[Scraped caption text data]

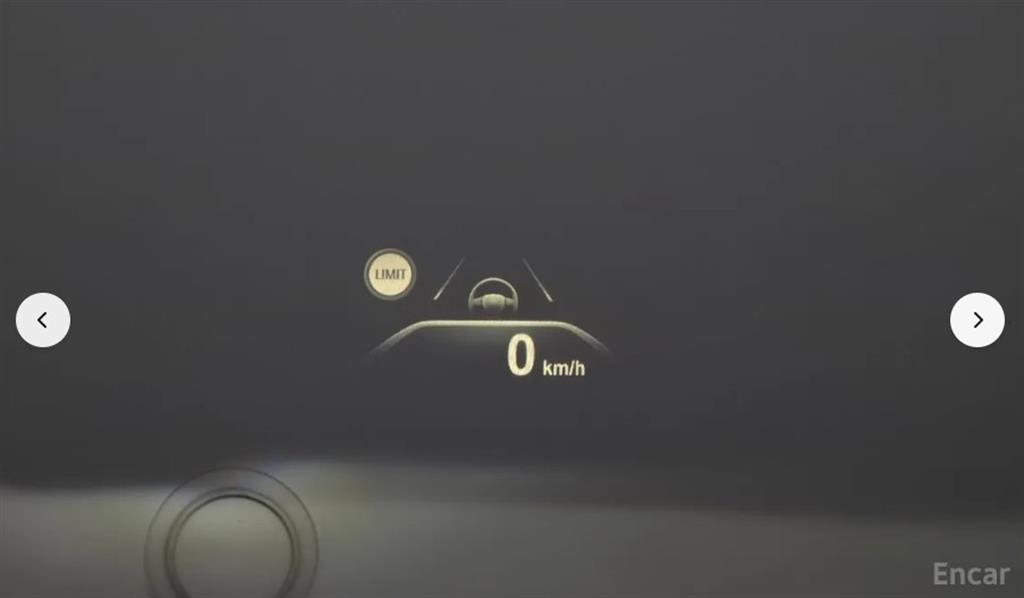 BMW 5 Series 2018 Blanco - Importación desde Corea - HF Imports Iquique - Foto 17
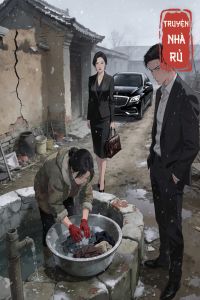 Con Gái Đoạn Tuyệt Với Tôi Vì Gã Nghèo Tham Lam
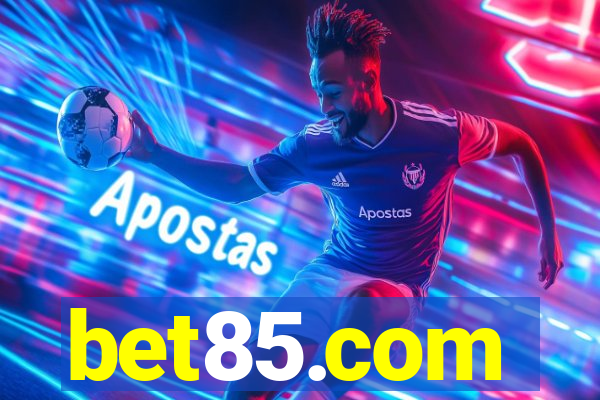 bet85.com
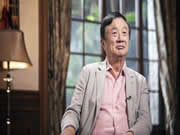 皇迪智能鎖:為客戶提供舒適便捷的智能生活環境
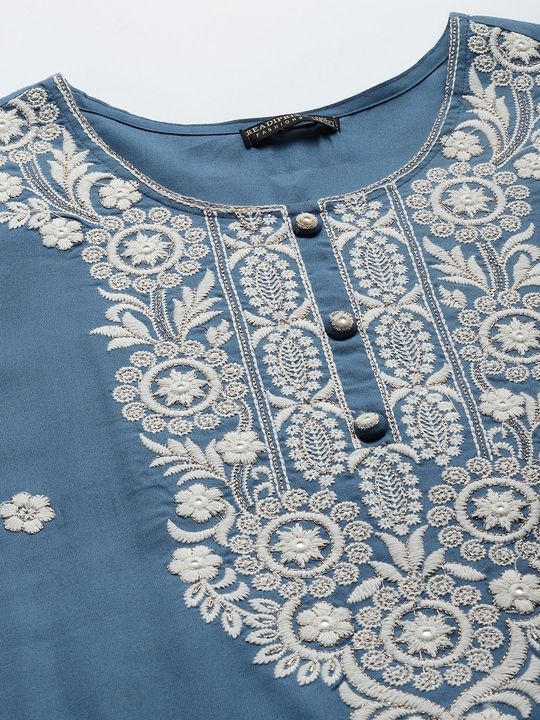 readiprintfashions/images/1794705/2.jpg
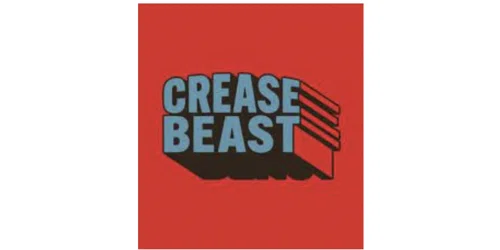 Merchant Crease Beast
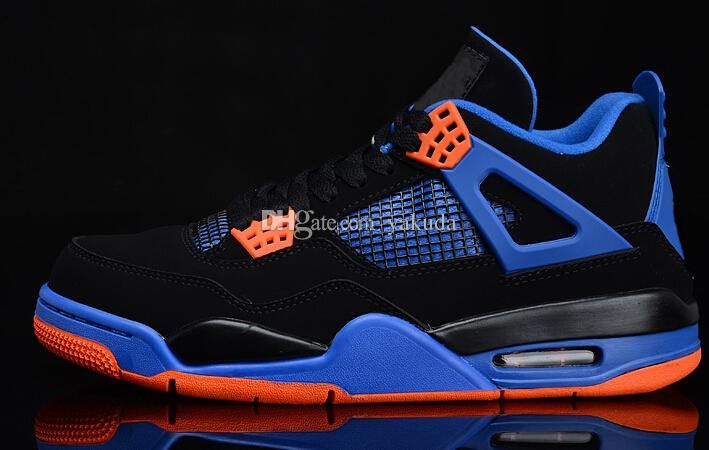 2015 J4 Oreo Shoes J4 Retro Shoe 2015 Basketball Shoes,Retro Shoes Sale Cheap Price,Famous 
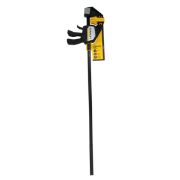 Stanley FATMAX Σφιγκτήρας Σκανδάλης XLarge 600mm – FMHT83281-0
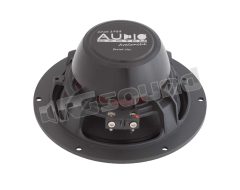 AV 165 High-End 165 mm midwoofer pair Audio System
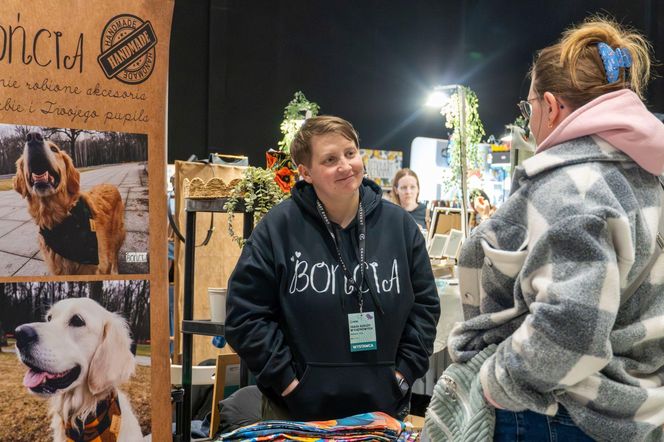 Targi Rzeczy Wyjątkowych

What you are asked to do:
Please output only the lines running from the one that holds "2015 J4 Oreo" through the last line of the entries, both ends included, without any images.

Task response:
 2015 J4 Oreo Shoes J4 Retro Shoe 2015 Basketball Shoes,Retro Shoes Sale Cheap Price,Famous 
 Stanley FATMAX Σφιγκτήρας Σκανδάλης XLarge 600mm – FMHT83281-0
 AV 165 High-End 165 mm midwoofer pair Audio System
 Targi Rzeczy Wyjątkowych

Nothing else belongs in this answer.